→ **YOUR TASK**:
Transcribe the records word for word, beginning with the first line and ending with the line that contains "Current Aviation Issues"; include nothing else.

··········

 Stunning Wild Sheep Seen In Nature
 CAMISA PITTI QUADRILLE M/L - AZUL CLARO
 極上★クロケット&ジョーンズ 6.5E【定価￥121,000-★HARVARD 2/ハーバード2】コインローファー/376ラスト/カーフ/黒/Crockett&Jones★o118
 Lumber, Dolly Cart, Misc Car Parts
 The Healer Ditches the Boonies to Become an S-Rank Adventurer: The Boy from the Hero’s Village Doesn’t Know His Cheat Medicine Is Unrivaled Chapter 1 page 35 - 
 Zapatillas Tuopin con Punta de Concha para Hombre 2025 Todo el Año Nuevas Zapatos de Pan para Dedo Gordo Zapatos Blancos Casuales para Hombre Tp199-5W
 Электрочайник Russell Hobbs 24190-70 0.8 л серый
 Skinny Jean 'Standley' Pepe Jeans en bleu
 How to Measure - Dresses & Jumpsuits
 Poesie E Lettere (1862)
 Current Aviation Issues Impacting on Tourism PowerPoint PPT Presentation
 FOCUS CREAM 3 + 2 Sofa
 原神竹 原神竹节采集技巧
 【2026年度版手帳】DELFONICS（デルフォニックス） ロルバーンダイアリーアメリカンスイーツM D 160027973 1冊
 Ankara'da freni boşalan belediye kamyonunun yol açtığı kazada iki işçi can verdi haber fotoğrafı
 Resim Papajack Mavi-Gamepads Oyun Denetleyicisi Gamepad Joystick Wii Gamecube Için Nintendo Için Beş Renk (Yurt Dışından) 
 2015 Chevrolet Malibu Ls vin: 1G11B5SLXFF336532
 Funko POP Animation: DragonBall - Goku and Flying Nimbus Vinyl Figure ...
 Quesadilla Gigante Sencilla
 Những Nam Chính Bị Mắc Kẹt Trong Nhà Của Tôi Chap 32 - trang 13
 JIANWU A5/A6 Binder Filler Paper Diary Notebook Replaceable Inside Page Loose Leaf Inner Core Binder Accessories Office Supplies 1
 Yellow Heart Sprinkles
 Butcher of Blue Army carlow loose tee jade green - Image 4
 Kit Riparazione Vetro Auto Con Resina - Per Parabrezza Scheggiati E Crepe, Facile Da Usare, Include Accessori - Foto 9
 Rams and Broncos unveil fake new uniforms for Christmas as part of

··········

→ **YOUR RESPONSE**:
 Stunning Wild Sheep Seen In Nature
 CAMISA PITTI QUADRILLE M/L - AZUL CLARO
 極上★クロケット&ジョーンズ 6.5E【定価￥121,000-★HARVARD 2/ハーバード2】コインローファー/376ラスト/カーフ/黒/Crockett&Jones★o118
 Lumber, Dolly Cart, Misc Car Parts
 The Healer Ditches the Boonies to Become an S-Rank Adventurer: The Boy from the Hero’s Village Doesn’t Know His Cheat Medicine Is Unrivaled Chapter 1 page 35 - 
 Zapatillas Tuopin con Punta de Concha para Hombre 2025 Todo el Año Nuevas Zapatos de Pan para Dedo Gordo Zapatos Blancos Casuales para Hombre Tp199-5W
 Электрочайник Russell Hobbs 24190-70 0.8 л серый
 Skinny Jean 'Standley' Pepe Jeans en bleu
 How to Measure - Dresses & Jumpsuits
 Poesie E Lettere (1862)
 Current Aviation Issues Impacting on Tourism PowerPoint PPT Presentation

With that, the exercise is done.